3. Collaboration with stakeholders
The third tip is about the collaboration with the most important stakeholders in the eyes of the design team. An important stakeholder for the design team is the architect. The architect is able to communicate which business and work processes can be distinguished and which requirements/parameters should be met. It is the architect who can clearly present the scope and the impact on the organization. The second important stakeholder is the development team. Make sure you as the designer are in direct contact with the developer, who can ideally provide you with further clarifying input, if needed. Other important stakeholders are the test team and management team. Invite the stakeholders to get involved in the design track and keep the lines of communication short. This will ensure clear communication with as few as possible unnecessary disruptions in the realization process. All too often, I see designers hand over their designs to the development team without any form of communication. This results in a portion of the idea being realized, but not the full package. By getting the developer involved early on and aiming for a better collaboration, he/she will have a much better understanding of what it is you’d like to see happen. In the user story specification of what needs to be developed is much more straightforward.

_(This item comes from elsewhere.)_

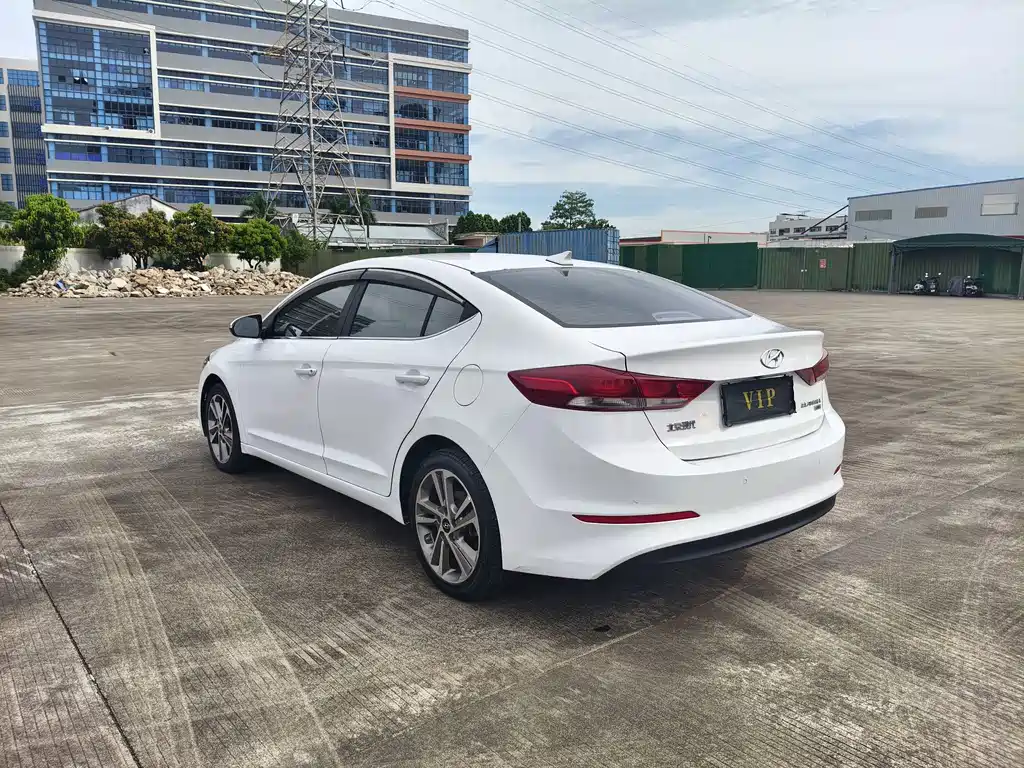 Hyundai Celesta 2016 — фото 4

4. Make a framework for the conventions and concepts
The fourth tip involves making clear arrangements around the process conventions and concepts. Within the software development team, it is key that the different members clearly decide on the specific criteria to be met by the process model and what the model should look like. Those agreements should ideally be compiled in a convention document. Many organizations do have such a convention document in circulation. It is expected of the design team to apply these conventions in the modeling of the process designs. Just as important is regularly testing your process model against the agreed conventions. Such a test will ensure the consistent implementation of the conventions, moreover allowing the stakeholders to easily recognize and understand the models. These are familiar concepts to them, after all. Which brings us to the wording used within the project and process design. The misinterpretation of certain concepts could potentially be the cause of much hassle. It would be wise to draw up a list of commonly used terms. Make sure an up-to-date list regularly finds its way to the stakeholders. These clear and unambiguous process conventions and terminology list can only improve the collaboration between the design team and its stakeholders.

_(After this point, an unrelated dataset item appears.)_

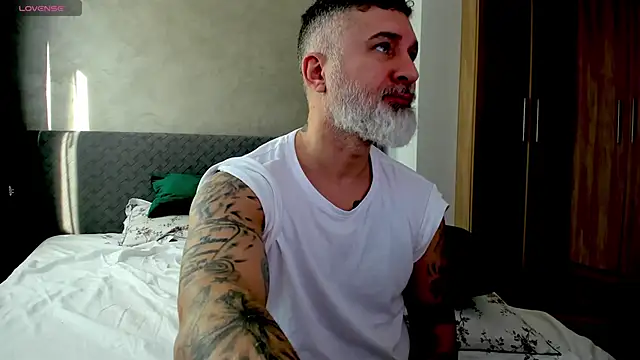 BlowMyXXL online show from 20, 3, 2025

5. Document the most essential documentation
The fifth and last tip covers the documenting of all documentation being developed within the process design. In this tip, I do not talk about all the documentation in de design track but only about the documentation from the process design. In my experience, Agile and Scrum environments can do much better in documenting the documentation from a process design. This is often a result of the lack of time provided to organize the documentation for a process model because of the speed with which development is announced. Even afterwards, the documentation is rarely brought up to date, as new projects have already started. Any realized projects are unfortunately minimally documented. If management would want to review any of these, this simply would not be possible due to a lack of documentation. From this point of view, one could argue for the importance of keeping relevant documentation up to date and to schedule the time to complete this. As a designer, regularly check if all documentation is complete and if needed, request the extra time to take care of this.

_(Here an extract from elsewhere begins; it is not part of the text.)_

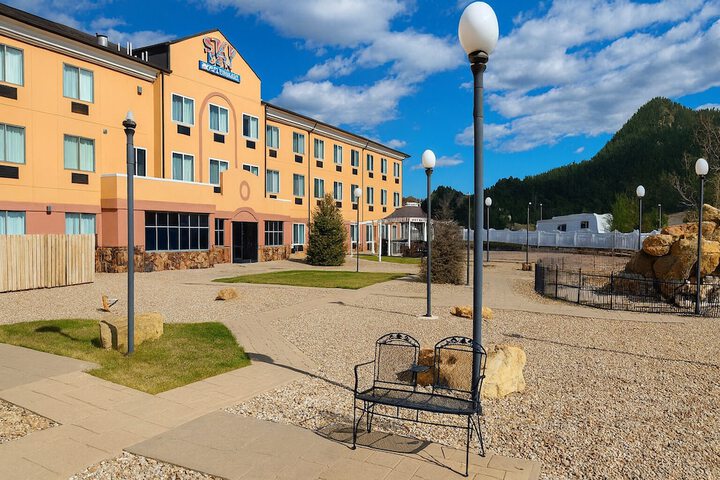 Hotel Exterior 18 of 19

Hopefully this has given you more insight into the success of a design team. My tips are intended to help pinpoint where exactly things stray within a design team, and to guide any designer in preventing such situations. I will recommend the designers to discuss the above tips internally with their colleague process designers. For the individual designer, start communicating with the stakeholders. I have gained my experiences from working within several organizations and branches and would be delighted to hear your thoughts too.